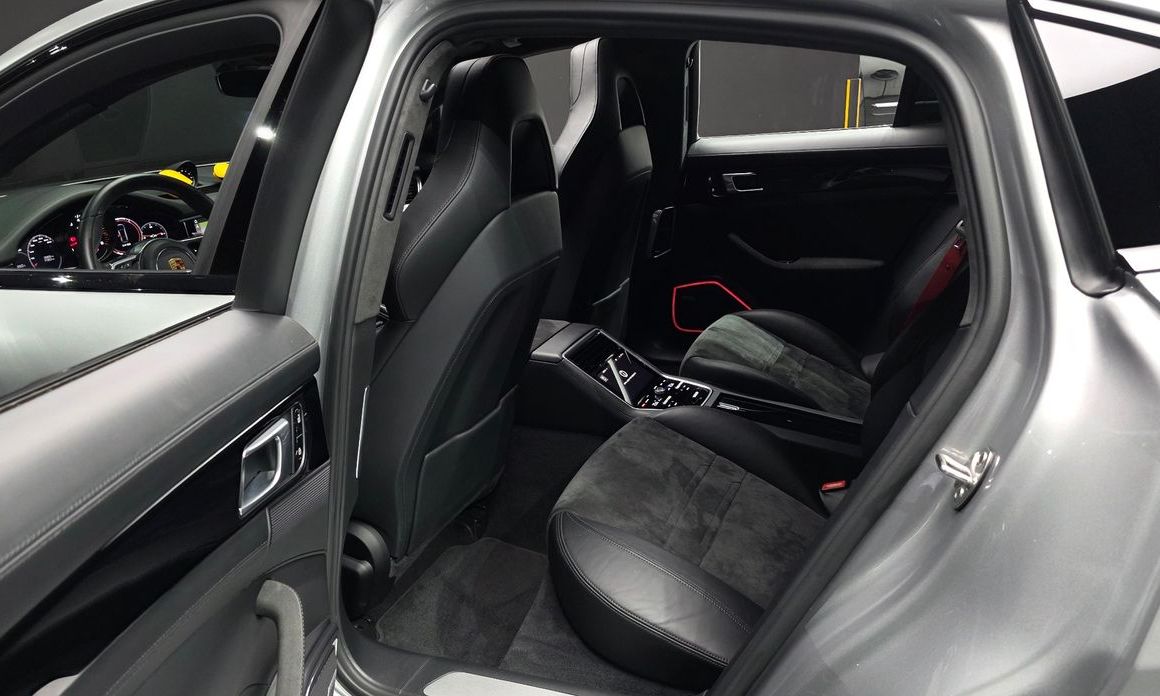 Porsche Panamera 2019
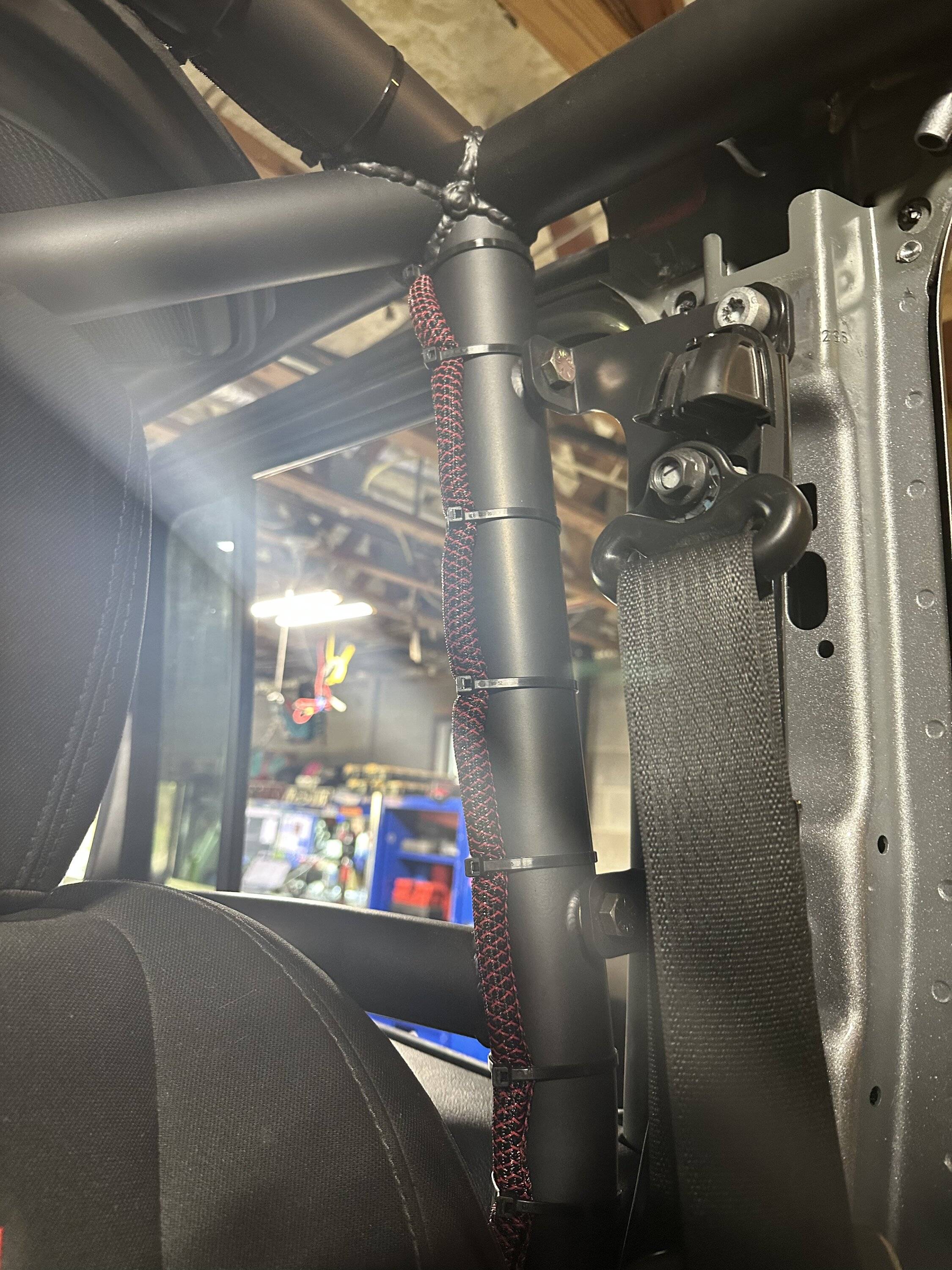 Jeep Wrangler JL GenRight B-Pillar Chop C612A24C-CC4E-4BE4-8258-5CC6B8B9D369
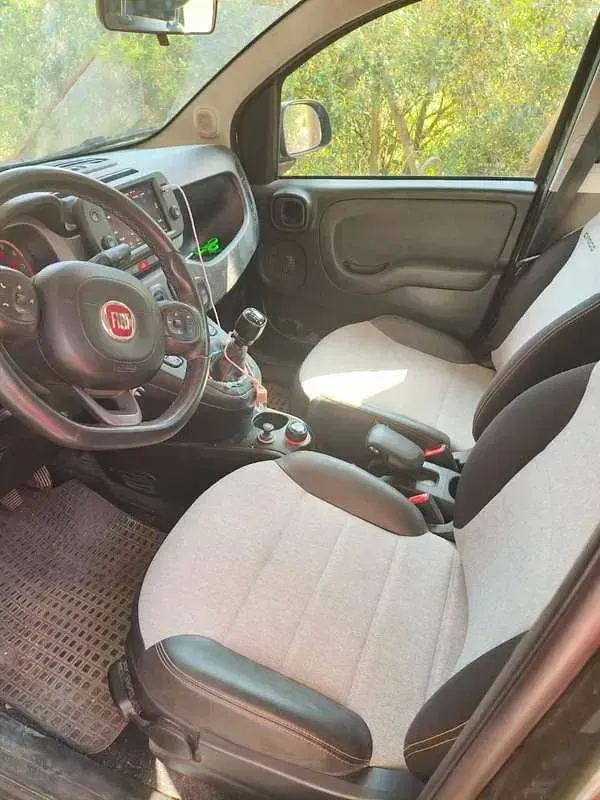 Usata Fiat Panda Cross Cross 86 CV (63 kW) 2021 Verde Utilitaria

■ **PROMPT**: Line by line, return the listing above exactly, dropping every picture.

■ **ANSWER SPACE**:
 Porsche Panamera 2019
 Jeep Wrangler JL GenRight B-Pillar Chop C612A24C-CC4E-4BE4-8258-5CC6B8B9D369
 Usata Fiat Panda Cross Cross 86 CV (63 kW) 2021 Verde Utilitaria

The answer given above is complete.